Il Movimento Difesa del Cittadino e l’Associazione italiana Sovraindebitamento, che di recente hanno avviato una collaborazione proprio su questo tema, hanno scritto alle Commissioni parlamentari chiedendo di rivedere il comma che introduce tale modifica. “Ad oggi non esiste un problema cessione del quinto rispetto alla legge 3/2012 poiché, dopo un’incertezza iniziale, diversi Tribunali, da Milano a Siracusa, hanno iniziato a trattare questa forma di finanziamento come tutti gli altri finanziamenti chirografi, di fatto permettendo di intervenire incisivamente anche in situazioni di sovraindebitamento dove esistono cessioni o deleghe di stipendio”.
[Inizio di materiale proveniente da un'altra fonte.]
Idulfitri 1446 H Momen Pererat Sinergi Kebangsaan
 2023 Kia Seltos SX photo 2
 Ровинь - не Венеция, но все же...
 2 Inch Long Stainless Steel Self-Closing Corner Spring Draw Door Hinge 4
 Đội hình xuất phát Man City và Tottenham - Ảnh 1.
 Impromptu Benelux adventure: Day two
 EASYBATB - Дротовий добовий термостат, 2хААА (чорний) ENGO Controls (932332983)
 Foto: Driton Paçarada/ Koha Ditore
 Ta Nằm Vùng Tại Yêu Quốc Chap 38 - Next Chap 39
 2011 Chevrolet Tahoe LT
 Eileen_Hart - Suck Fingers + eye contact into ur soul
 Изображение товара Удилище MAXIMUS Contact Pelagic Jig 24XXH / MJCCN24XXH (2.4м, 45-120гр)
Le Associazioni riportano una serie di pronunce di merito che vedono la cessione del quinto perfezionata solo quando il credito è maturato e non su un eventuale credito futuro. Pertanto i crediti futuri restano nella disponibilità del cedente e sono disponibili per la procedura. A tal proposito il Tribunale di Livorno ha affermato che “il credito ceduto dal lavoratore/pensionato alla finanziaria è un credito futuro che, quindi, sorge solo al momento in cui viene maturato il diritto di percepire il relativo rateo mensile”. Tale interpretazione permette di risolvere i casi di molte famiglie che proprio in conseguenza del pagamento delle rate di cessione del quinto, vivono situazioni di difficoltà economica. Ed ha l’effetto di moralizzazione che dovrebbe spingere le società erogatrici ad una maggiore attenzione sul merito creditizio dei clienti da finanziare.
Il comma inserito dalla legge delega all’interno dell’art. 9, inoltre, assimila la cessione del quinto alle operazioni di pegno, che hanno invece uno specifico privilegio di legge, e limita la possibilità di ristrutturare la CQS al Piano del Consumatore, mentre oggi già la norma interviene anche in caso di liquidazione del patrimonio e di accordo di composizione. Nei casi che presentano una Liquidazione del patrimonio, infatti, oggi il contratto di cessione verrebbe sciolto per analogia con la legge fallimentare e il credito residuo inserito all’interno del piano di riparto, con l’effetto che il consumatore non si vedrebbe più togliere la rata mensile dallo stipendio. In caso di limitazione al solo Piano del consumatore invece, nonostante l’accesso alla procedura e la liquidazione di propri beni, il consumatore dovrebbe continuare a subire la trattenuta sullo stipendio! Questo tipo di formulazione andrebbe paradossalmente a premiare la forma di credito che più contribuisce a creare la situazione di sovraindebitamento. E le finanziarie non avrebbero problemi ad erogare la cessione anche quando il soggetto è palesemente in difficoltà finanziaria, contando sul fatto che le rate verranno tolte dallo stipendio. Le Associazioni hanno dunque chiesto un’urgente audizione alle Commissioni parlamentari per evitare che una poco accorta attuazione della legge delega ostacoli l’applicazione della legge Salvasuicidi.